Or has that been done already? If so, I would get a second opinion. I would hate to give up my Campy at this point as I really like it. I'm sure you liked yours to when it was operating correctly.


----------



## black cross

My LBS has had the bb apart many times, inspecting the guts. I removed the 10 speed crank off of my cross bike, noise came back, no noise on my cross bike though (Salsa Chili Con Crosso) The complete bottom bracket was replaced (warranty), noise came back. Here is a thread I started earlier about the issue. http://forums.roadbikereview.com/campagnolo/campy-bottom-bracket-noise-208233.html My LBS is really the most experienced of the shops around, an owner/operator, started in a shop as a kid, now 30 yrs later owns a shop.


----------



## black cross

Yes, I really liked the bike


----------



## willieboy

black cross said:


> My LBS has had the bb apart many times, inspecting the guts. I removed the 10 speed crank off of my cross bike, noise came back, no noise on my cross bike though (Salsa Chili Con Crosso)  The complete bottom bracket was replaced (warranty), noise came back. Here is a thread I started earlier about the issue. http://forums.roadbikereview.com/campagnolo/campy-bottom-bracket-noise-208233.html My LBS is really the most experienced of the shops around, an owner/operator, started in a shop as a kid, now 30 yrs later owns a shop.
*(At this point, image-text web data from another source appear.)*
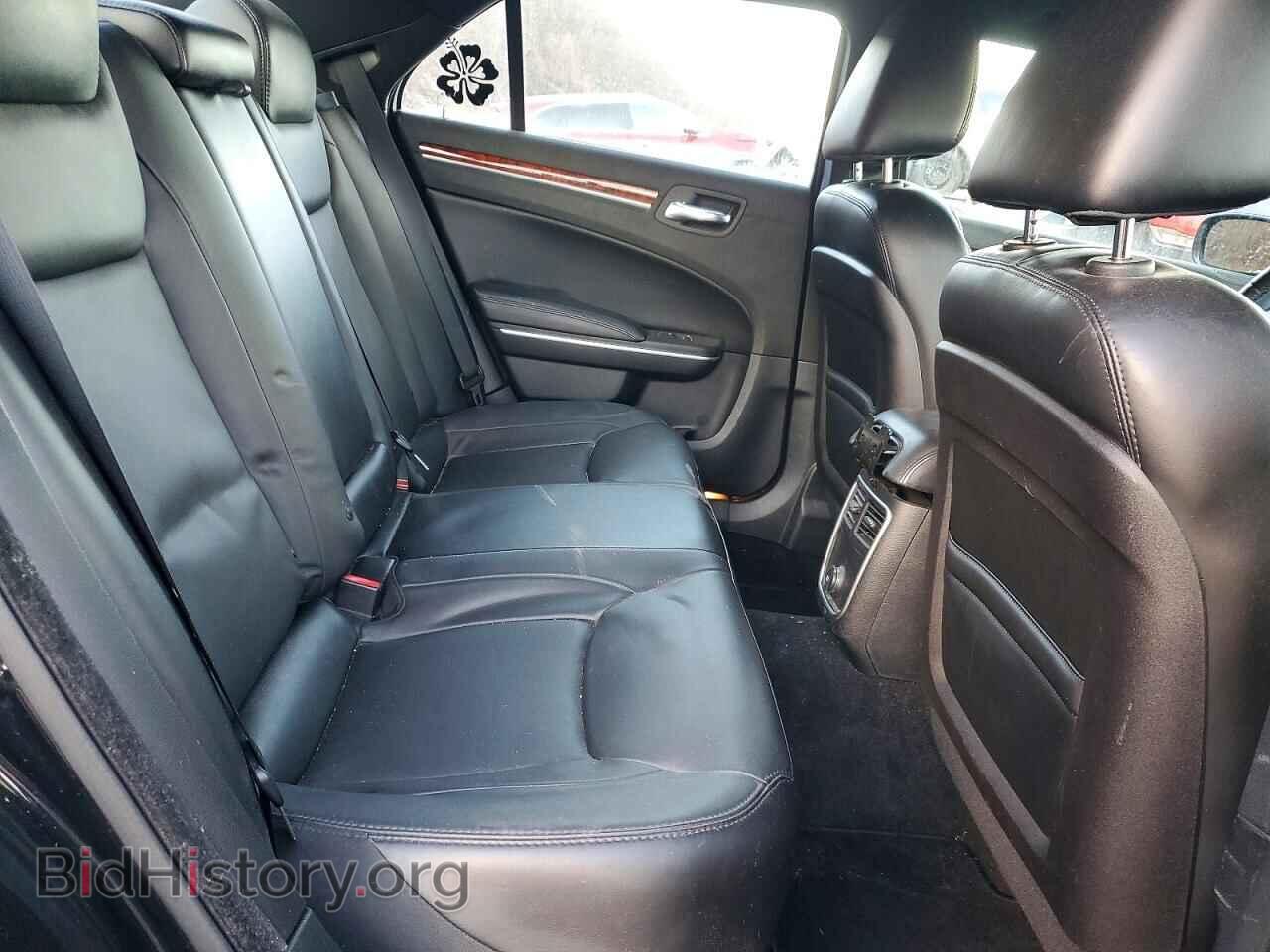 2014 CHRYSLER 300 - VIN: 2C3CCARG0EH321408 - Фото 10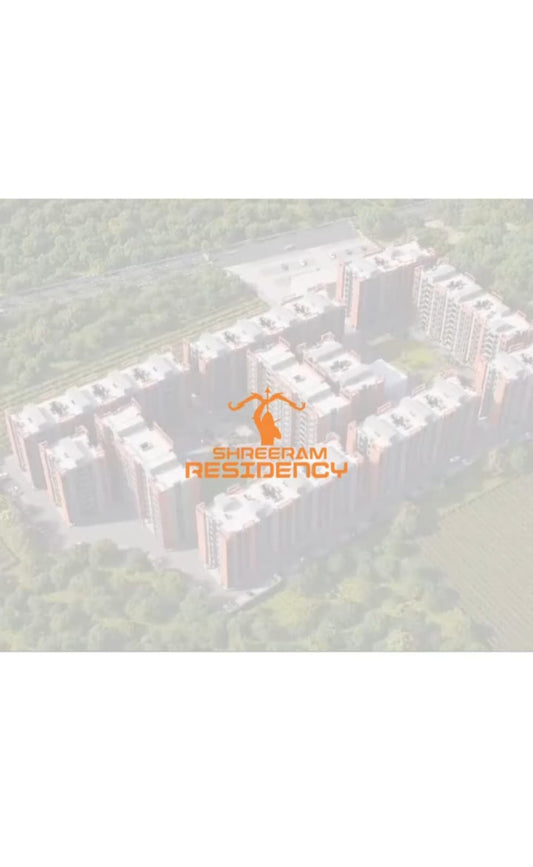 Shree Ram Residency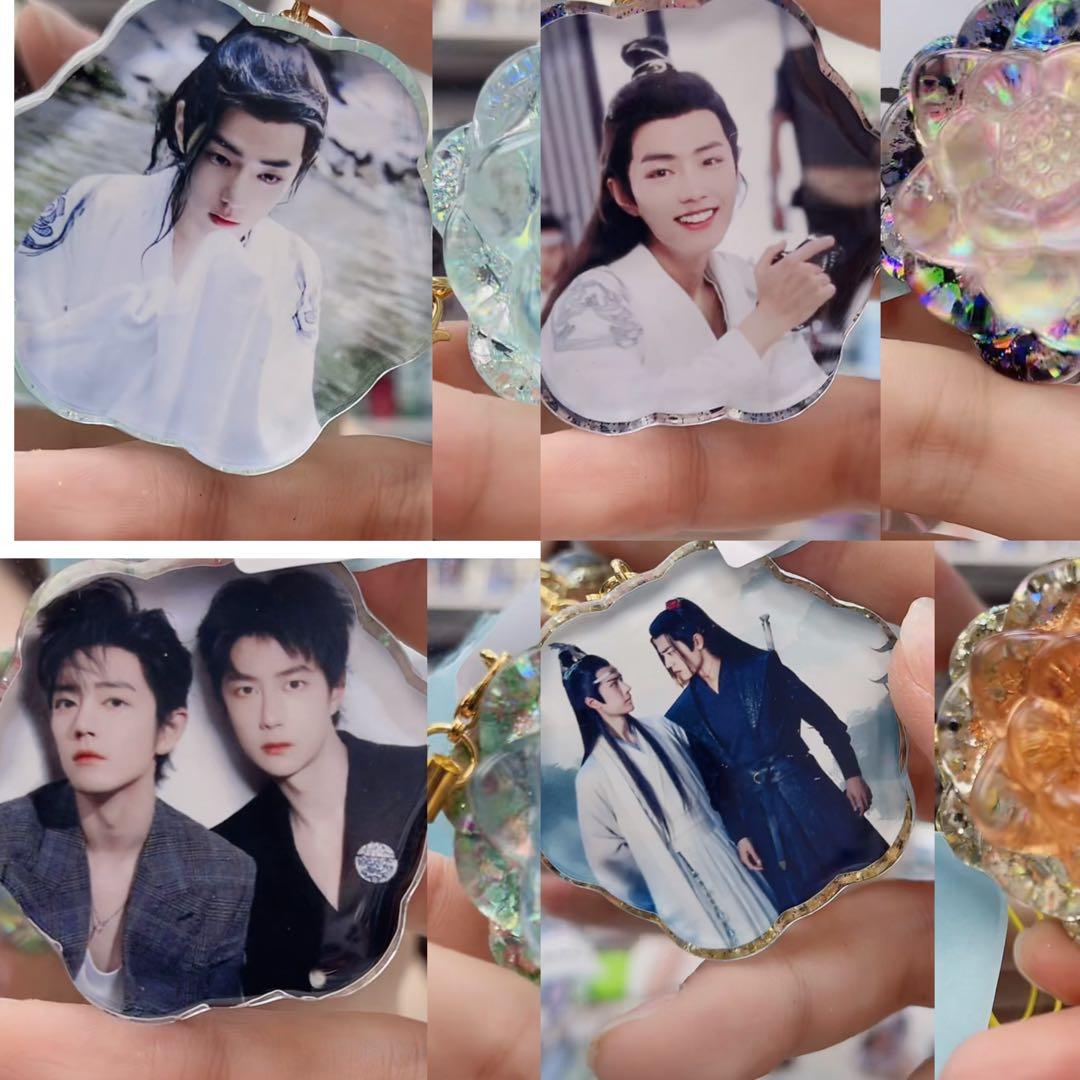 （8月VIP 15%off中) 赞ちゃんです❣️0829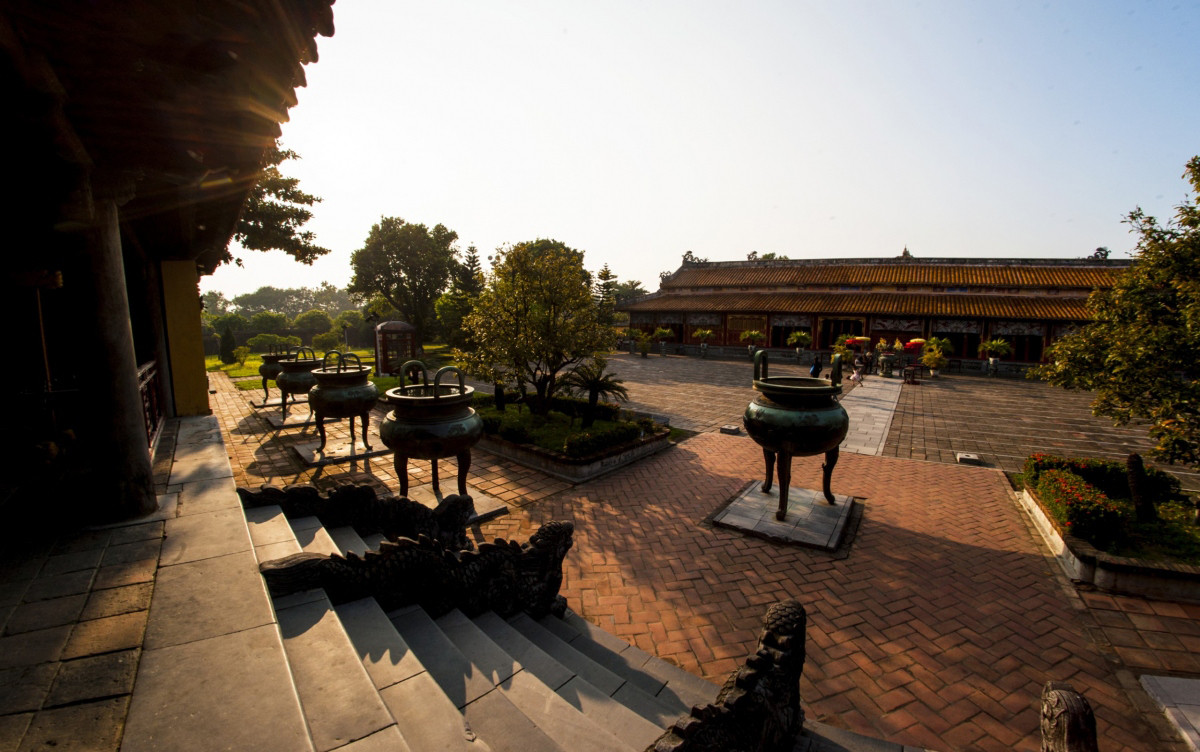 A través de casi 200 años, pese a la brutalidad de la guerra, las urnas se han mantenido intactas. Se trata de versiones originales y únicas, sin someterse a ninguna reparación, por lo que poseen un valor irreemplazable.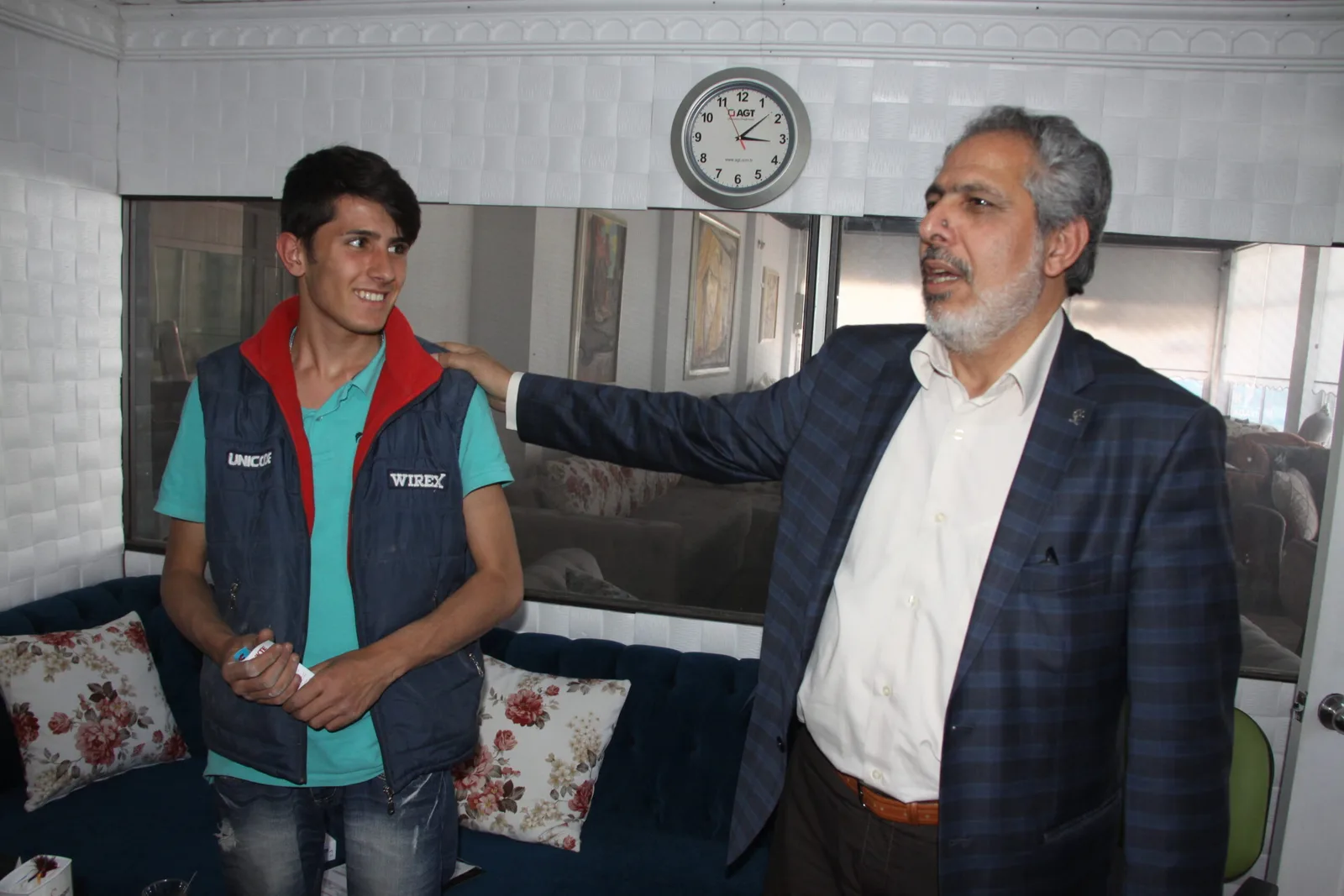 "HDP barajı aşamayacak"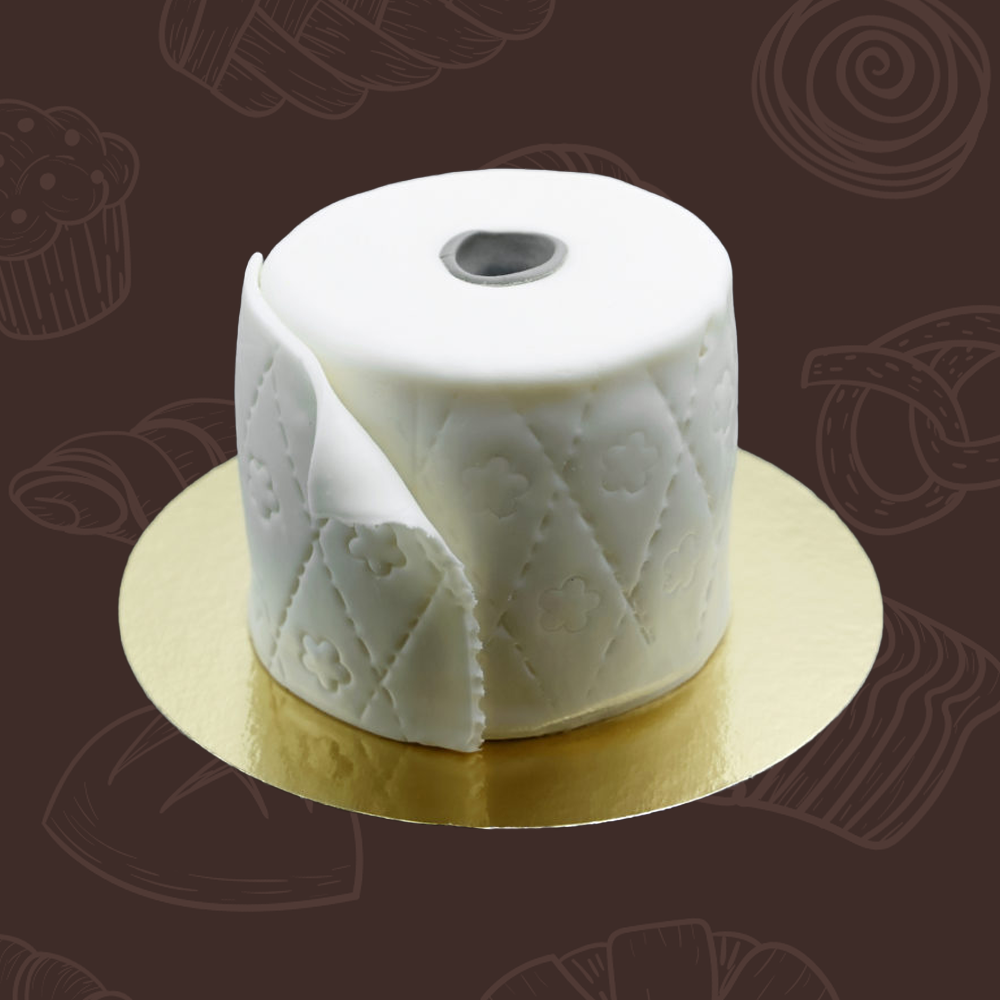 Vessapaperirullakakku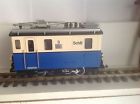 2146 Lgb Schollenenbahn 3 Cog 2146 Lgb Schollenenbahn 3 Cog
I Read through the whole thread and everyone was very helpful. I'm not a mechanic by any means so I can't offer a solution of any kind. I know my slight tick that I hear when out of the saddle bugs me but it's nothing like what you're dealing. Good luck with it bud.


----------



## cat9050

*Price?*

Adjtogo, did you pay list or did the LBS give you a discount? I'm planning on purchasing the same bike in a couple months.


----------



## adjtogo

I've been sworn to secrecy!!! But I can tell you, if you're looking for a great bike at a fantastic price, Road Bikes, Frames, Completes, Bicycle Parts and Bike Accessories from RealCyclist.com has a killer deal for a Litespeed Archon C1 in full SRAM Force for $1900. That bike is a 2011 model which sells for $4299, so $1900 on that is a steal!! They had 20+ medium framed bikes yesterday, and now only have 7. They also had the same bike with full Ultegra for $1600, but had very few left.


----------



## defy_adv_3

The small touches of red looks really nice on the new defy's


----------



## adjtogo

Wouldn't you know. The bike came in and the same day it arrived, the LBS owner received an email from Giant saying the bike has been recalled. Apparently, the front fork has been having issues with the new redesign for 2012. Giant is supposed to be having new forks made and sent out priority. This is not only for the Defy models, but also Avail models too. So, I thought I was going to a happy camper when it came it, but that is certainly not the case. It may take 4-6 weeks for the new fork to come in.


----------



## framesti

*fork*



adjtogo said:


> Wouldn't you know. The bike came in and the same day it arrived, the LBS owner received an email from Giant saying the bike has been recalled. Apparently, the front fork has been having issues with the new redesign for 2012. Giant is supposed to be having new forks made and sent out priority. This is not only for the Defy models, but also Avail models too. So, I thought I was going to a happy camper when it came it, but that is certainly not the case. It may take 4-6 weeks for the new fork to come in.


what kind of redesign


----------



## adjtogo

They need to remanufacture and redesign the front fork so it will not crack again. This is a massive recall that will cost Giant a lot of money in previous and future sales.


----------



## Sven_Nijs

I wonder if it's actually a design fault or just a fabricator quality control issue?
Whatever the cause, my wife is not happy she hasn't got her new (Christmas) bike and there is no feedback from Giant on the time frame as to when this situation will be resolved.


----------



## adjtogo

I totally understand how your wife feels as my bike had actually been delivered to the shop the same day the recall was issued. I thought I wass going to be in heaven with the new purchase, but ended being very disappointed with the recall and no sign of when the problem may be resolved. So, in the box, she sits, without any specific delivery date until Giant gets a new shipment of forks...


----------



## Sven_Nijs

*progress report*

Latest advice is that we should have it by the end of this month - fingers crossed


----------



## Comer

I was waiting on the Defy SL 0, but with no solid arrival date I purchased a Colnago M10.


----------



## Saxoplay

Nice bike! I've been looking at the 2011 Defy Advanced 1 for quite some time now. Do you have any experience with the 2011? What made you go with the 2012?


----------



## Grasschopper

Saxoplay said:


> Nice bike! I've been looking at the 2011 Defy Advanced 1 for quite some time now. Do you have any experience with the 2011? What made you go with the 2012?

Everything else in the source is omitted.